» **Available data**:
=== Begin Enclosure ===

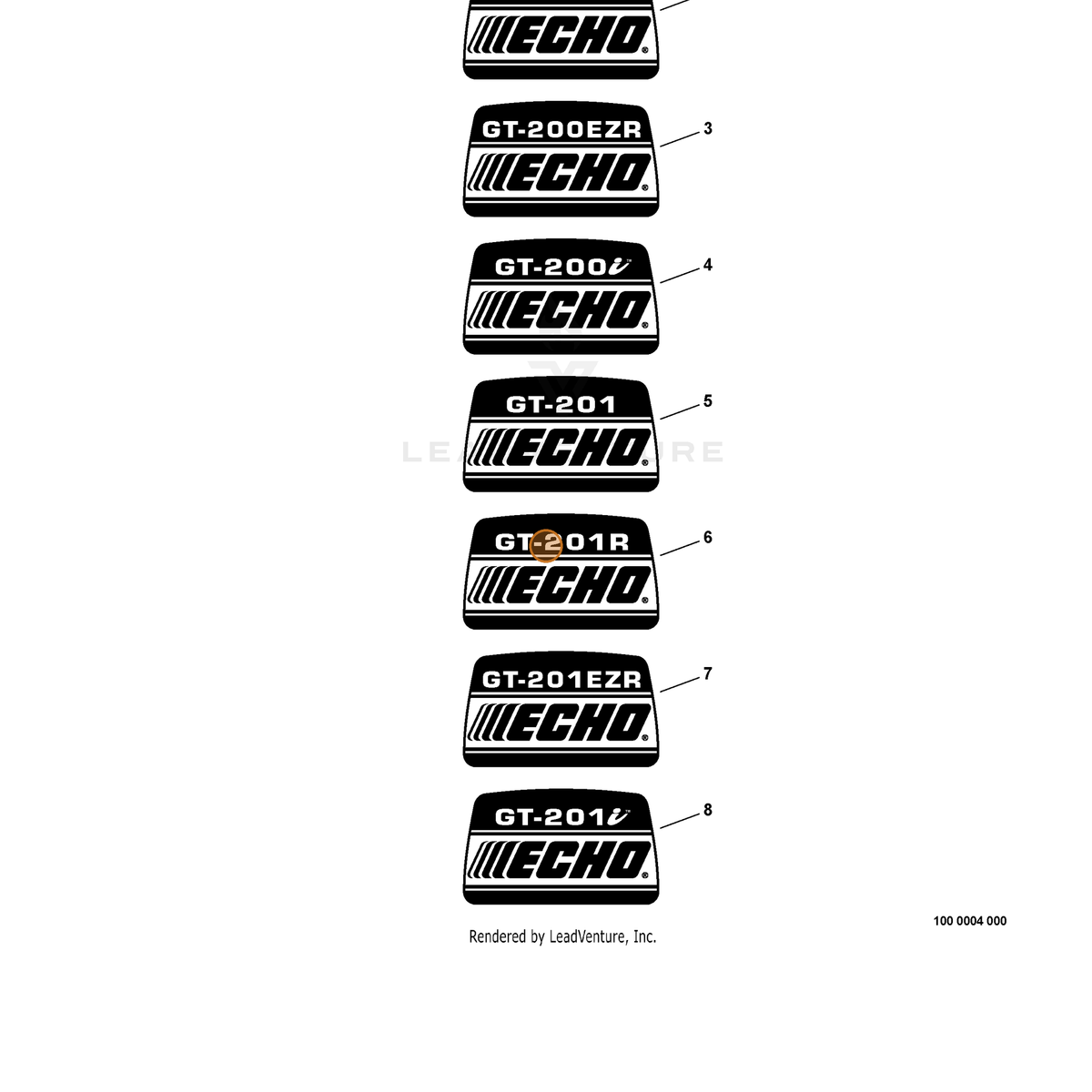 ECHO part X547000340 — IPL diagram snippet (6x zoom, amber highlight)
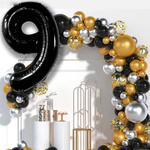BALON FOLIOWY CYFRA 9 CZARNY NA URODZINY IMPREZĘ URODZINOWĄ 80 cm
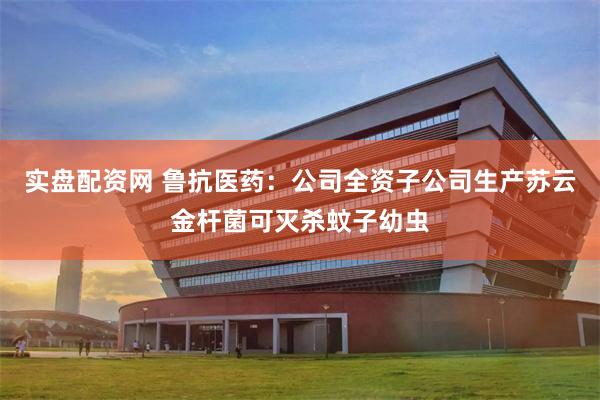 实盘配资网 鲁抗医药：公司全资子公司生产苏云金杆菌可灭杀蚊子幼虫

=== End Enclosure ===

» **Your goal**: The answer must be the full listing above, copied exactly, with no pictures in it.

» **Output for this exercise**:
 ECHO part X547000340 — IPL diagram snippet (6x zoom, amber highlight)
BALON FOLIOWY CYFRA 9 CZARNY NA URODZINY IMPREZĘ URODZINOWĄ 80 cm
 实盘配资网 鲁抗医药：公司全资子公司生产苏云金杆菌可灭杀蚊子幼虫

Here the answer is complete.